They played like freshmen.
Then, all of a sudden, they didn’t.
A furious 13-1 run, highlighted by stout defense and the sheer, undeniable dominance of freshman forward Julius Randle, found the Cats in a tie game with 4:48 left.
The game teetered back and forth, as a heavyweight bout between two juggernauts should. UK trailed by two with under a minute to play, on the verge of completing a comeback uncharacteristic of their comparative age.
Then, they became freshmen again. Calipari chose not to foul, and an MSU miss led to a wide open tip-in by Spartan senior forward Branden Dawson with five seconds left that sealed their fate.
After a meaningless, last-second three-pointer went awry, Randle stood with his hands on his knees, unable to accept his first collegiate loss at such an early point in the season.
“You had guys crying in there, and that’s a good thing,” Calipari said of the postgame locker room. “I want it to hurt like that.”
The two halves were played by two very different UK teams, but the final score painted a very clear picture.
In the first half, they played like all freshmen are perceived to play. In the second half, they played like these freshmen are capable of playing.
They locked down on defense. They outrebounded maybe the most-disciplined team in the county 28-16 over the final 20 minutes.

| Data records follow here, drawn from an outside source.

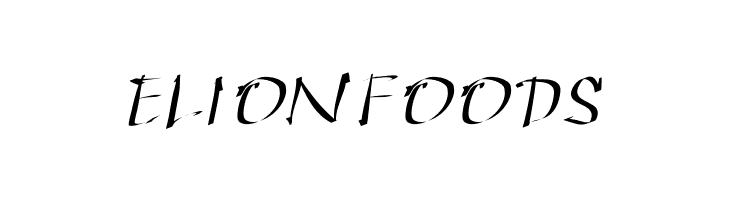 QuickKleinSketches  Free Fonts Download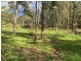 8 KAFERTAL ROAD, Banks Pocket QLD 4570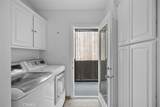 30802 Coast - Photo 15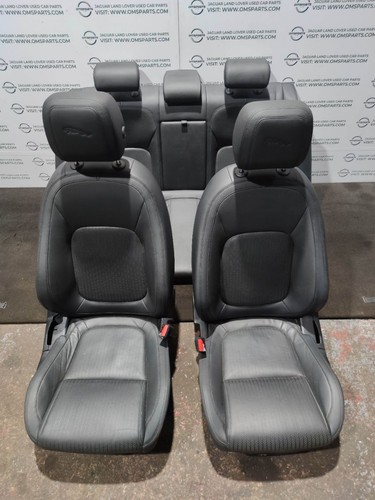 Jaguar x760 complete - x760, of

Randle asserted himself in a way only he could. In 17 second-half minutes, he tallied 23 points and nine rebounds. He finished with 27 points and 13 rebounds, his third double-double in as many collegiate games.
And if Michigan State can’t stop him, who can?
But again, the Cats failed where young teams often do. They shot 53 percent from the free throw line and turned the ball over 17 times.
Is that inexperience? Maybe.
But they also took one of the most seasoned teams in college basketball to the brink after trailing by 13 midway through the second half.
They took their first taste of adversity and turned it on its head. They didn’t lie down, which is exactly what Calipari wanted to see.
A team this talented and this athletic, who shows they can flip the script on Michigan State on Nov. 12, has no limits come March.
UK will get much better, very quickly. And Randle showed he can carry his team in any environment, against any team.
And when they do improve, when they take what this four-point loss made them feel and turn it into motivation, don’t be surprised if Tuesday’s second half is the norm, night in and night out.
Randle’s mammoth performance ended with his hands on his knees. His night ended in tears.
But don’t get used to it. These Cats, and their superstar, have this feeling behind them.